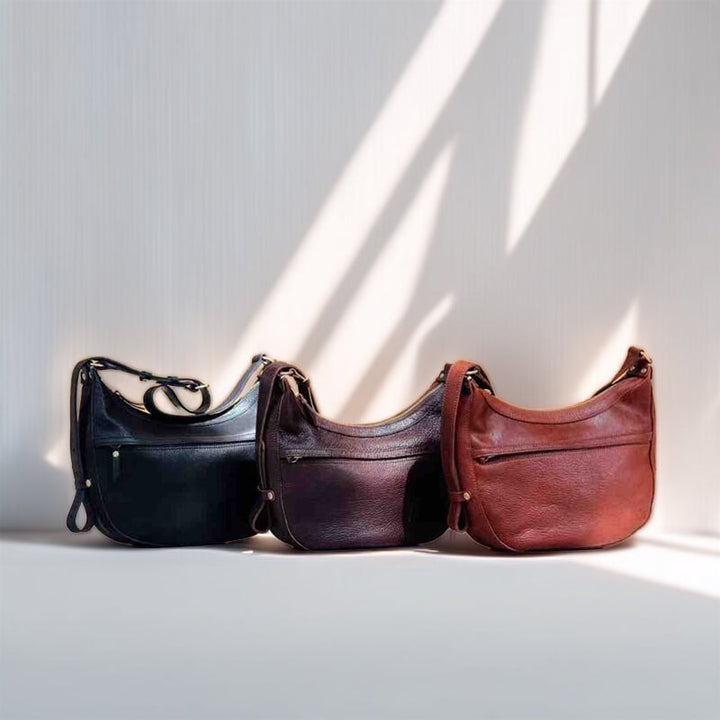 Crescent slouchy vegetable tanned leather hobo bag in black, coffee, honey brown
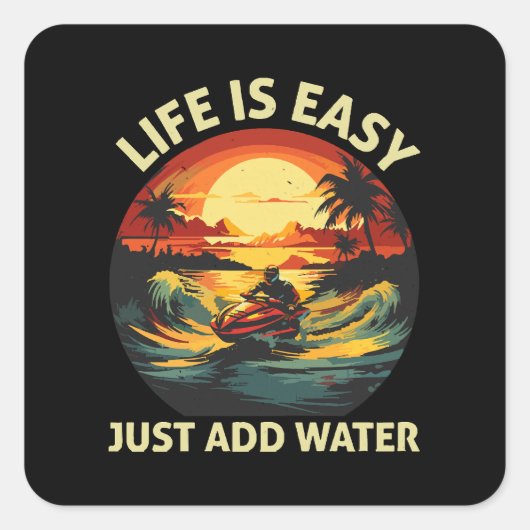 クラシックジェットスキーヤー スクエアシール (正面)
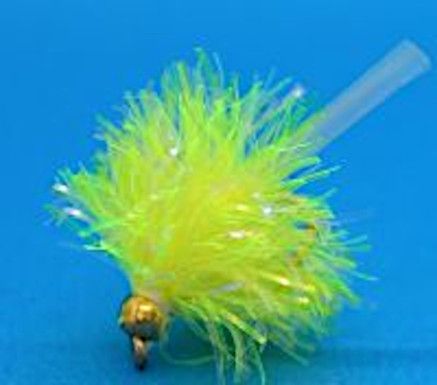 10 X  Blob - FL Yellow and Pearl - Gold head #10 barbed /BL25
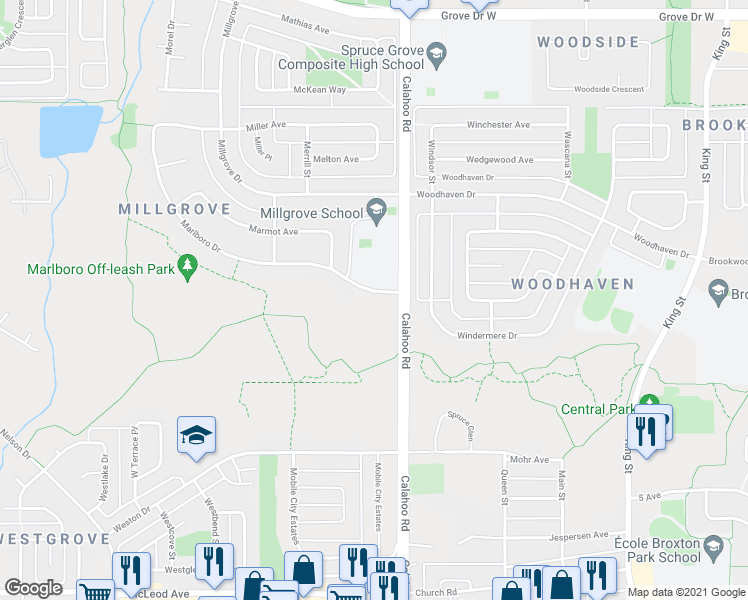 map of restaurants, bars, coffee shops, grocery stores, and more near 789 Calahoo Road in Spruce Grove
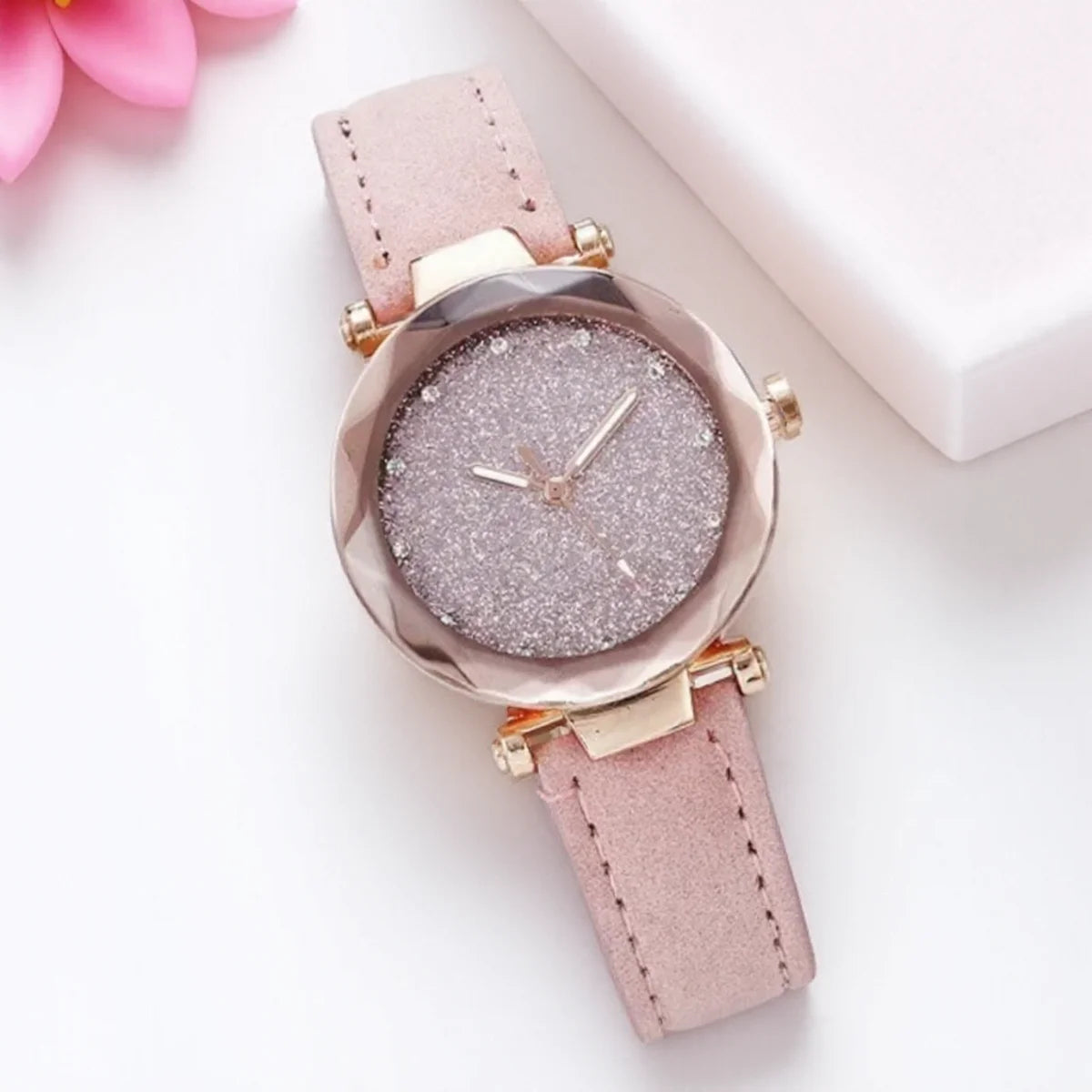 Women's Quartz Watch with Leather Strap Frosted Dial Diamond Starry Design for Elegant Gifting and Daily Use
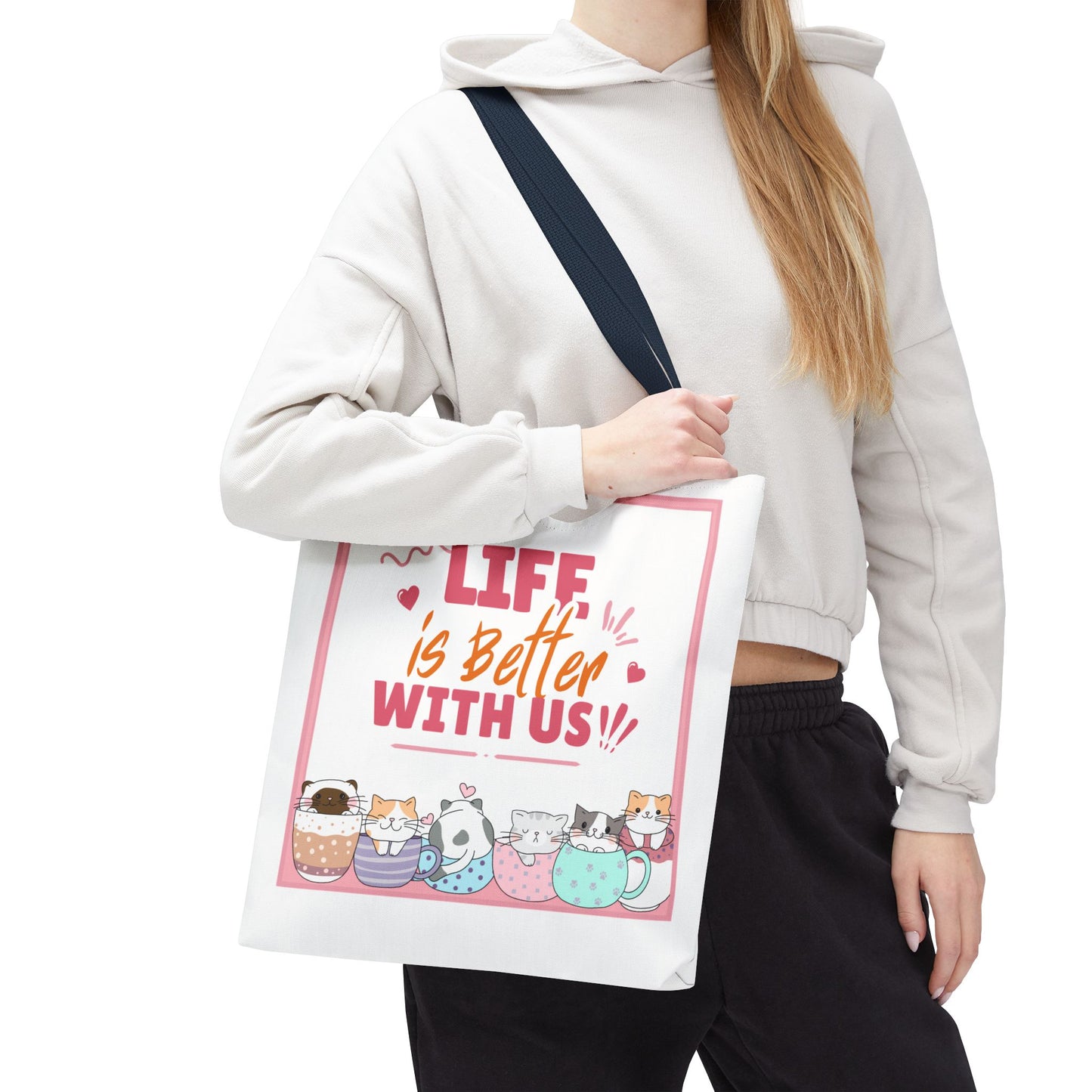Whimsical Cat Tote Bag - "Life is Better with Us" - Cute Pet Lover Gift, Eco-Friendly Shopping Bag, Fun Summer Accessory, Stylish [...]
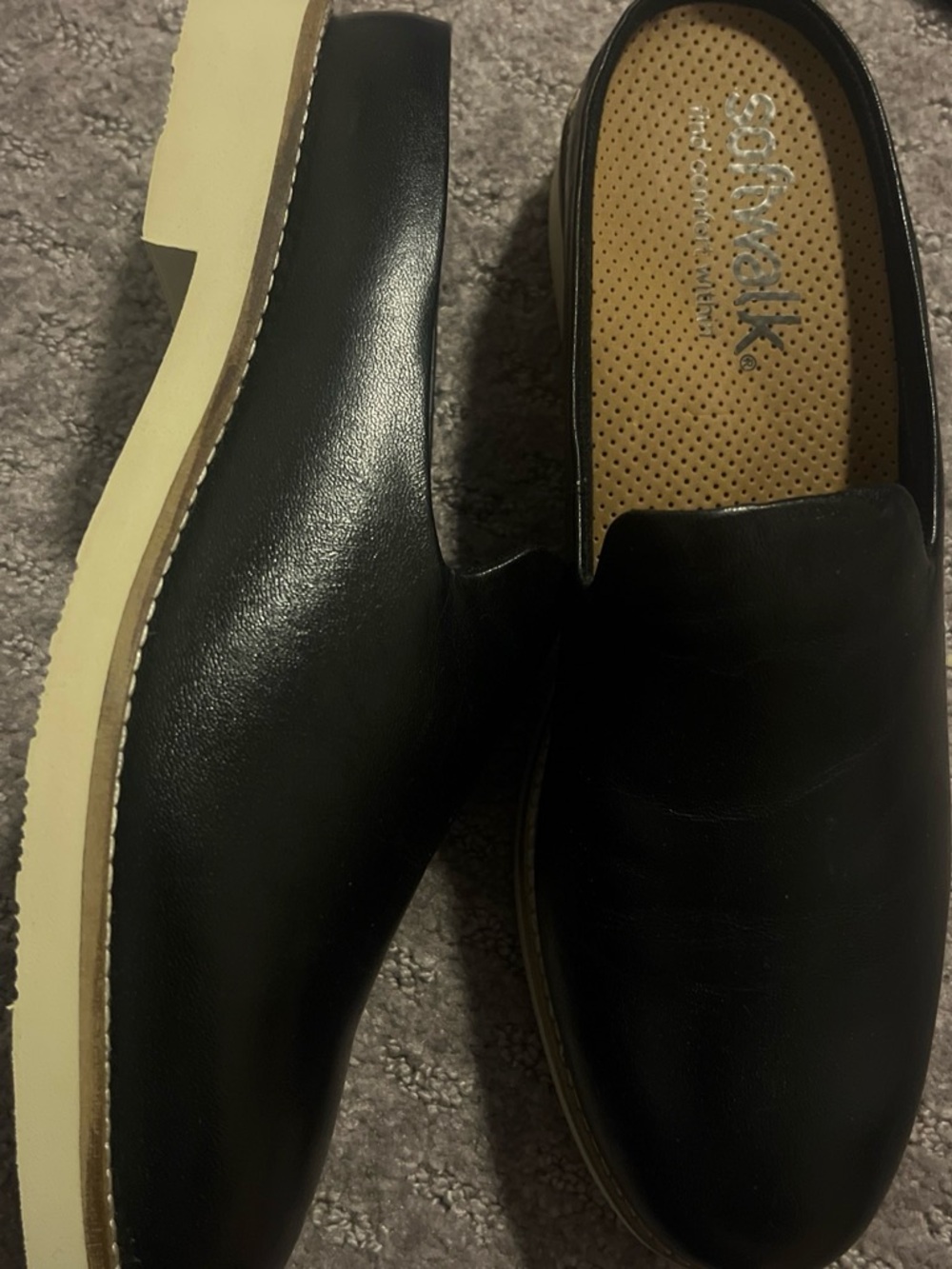 SoftWalk Women's Black Slip-On Loafers with Cream Sole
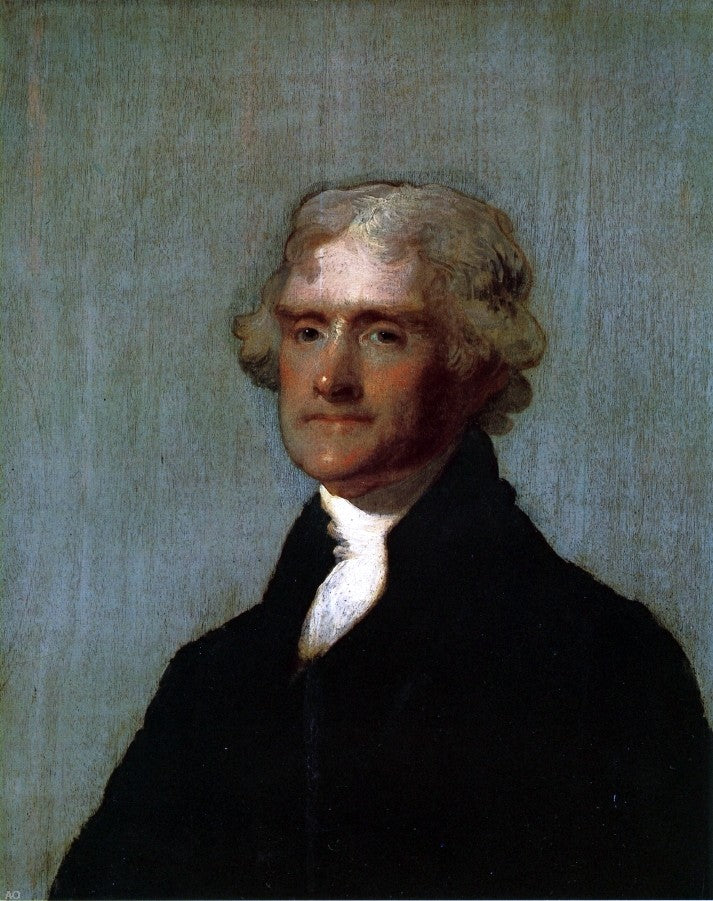  Gilbert Stuart Thomas Jefferson (The Edgehill Portrait) - Canvas Print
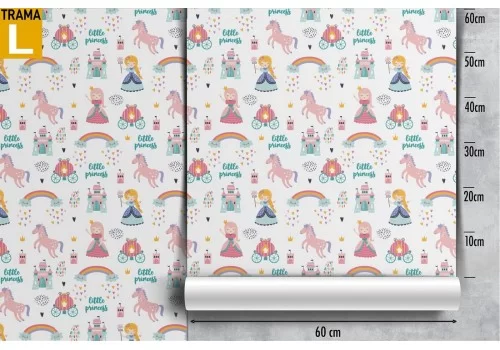 Carta da Parati principesse e carrozze decorazione bambini. 2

******

Please write out the lines above, beginning at the line with "map of restaurants, bars, coffee" and ending at the last line of the records, exactly as they appear and without pictures.

 map of restaurants, bars, coffee shops, grocery stores, and more near 789 Calahoo Road in Spruce Grove
 Women's Quartz Watch with Leather Strap Frosted Dial Diamond Starry Design for Elegant Gifting and Daily Use
Whimsical Cat Tote Bag - "Life is Better with Us" - Cute Pet Lover Gift, Eco-Friendly Shopping Bag, Fun Summer Accessory, Stylish [...]
 SoftWalk Women's Black Slip-On Loafers with Cream Sole
  Gilbert Stuart Thomas Jefferson (The Edgehill Portrait) - Canvas Print
 Carta da Parati principesse e carrozze decorazione bambini. 2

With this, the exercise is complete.